Top Regulatory News Stories – Week Ending August 10, 2018

The FDA approved Kyowa Kirin’s Poteligeo (mogamulizumab-kpkc) injection for intravenous use for the treatment of two rare types of non-Hodgkin lymphoma: relapsed or refractory mycosis fungoides and Sézary syndrome.

An FDA Advisory Committee has recommended approval of Paratek’s Omadacycline for the treatment of acute bacterial skin and skin structure infections and community-acquired bacterial pneumonia:

The FDA’s Antimicrobial Drugs Advisory Committee voted 12 to 2 in favor of the safety and effectiveness of Insmed’s ALIS (amikacin liposome inhalation suspension) for adults with nontuberculous mycobacterial (NTM) lung disease caused by Mycobacterium avium complex (MAC) who have limited or no treatment options.

60 Degrees Pharmaceuticals announced that the FDA has approved ARAKODA™ (tafenoquine) tablets for the prevention of malaria in patients aged 18 years and older.
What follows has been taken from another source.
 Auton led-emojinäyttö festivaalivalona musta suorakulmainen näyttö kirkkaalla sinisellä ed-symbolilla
For the first time in more than eighteen years, the U.S. FDA approved a new drug for the prevention of malaria.

The FDA issued new scientific recommendations aimed at encouraging more widespread innovation and development of novel medication-assisted treatment drugs for the treatment of opioid use disorder.
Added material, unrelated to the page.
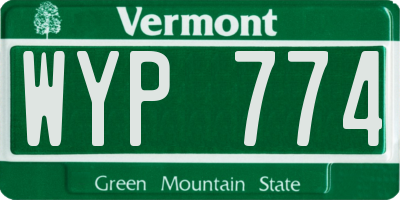 VT license plate WYP774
The FDA issued a Complete Response Letter Pain Therapeutics rejecting their marketing application for Remoxy once again. Remoxy was licensed from Durect back in 2002:

The FDA on Wednesday approved several versions of Apotex’s potassium chloride oral solution as the first generic drugs to receive a Competitive Generic Therapy (CGT) designation, which allows generic drugs to come to market faster than they otherwise would have:

Pliant Therapeutics reported that the FDA has granted orphan drug designation for the company’s anti-fibrotic lead compound, PLN-74809, for the treatment of idiopathic pulmonary fibrosis.

Array BioPharma has received the FDA’s breakthrough therapy designation for an investigational drug encorafenib, in combination with binimetinib and cetuximab for treatment of a type of metastatic colorectal cancer:

Castle Creek Pharmaceuticals announced that the FDA has designated as a Fast Track development program the investigation of diacerein 1%, ointment (CCP-020) for the treatment of epidermolysis bullosa simplex.

Sesen Bio, Inc. announced that the FDA has granted Fast Track designation to Vicinium™ for the treatment of BCG-unresponsive high-grade non-muscle invasive bladder cancer.

The FDA expanded the list of drugs being recalled that contain valsartan due to cancer concerns.

In other news…

Ironwood Pharmaceuticals said it dropped its licensing deal for AstraZeneca’s lesinurad franchise, which includes Duzallo and Zurampic. Ending the agreement will lead to the loss of 125 jobs.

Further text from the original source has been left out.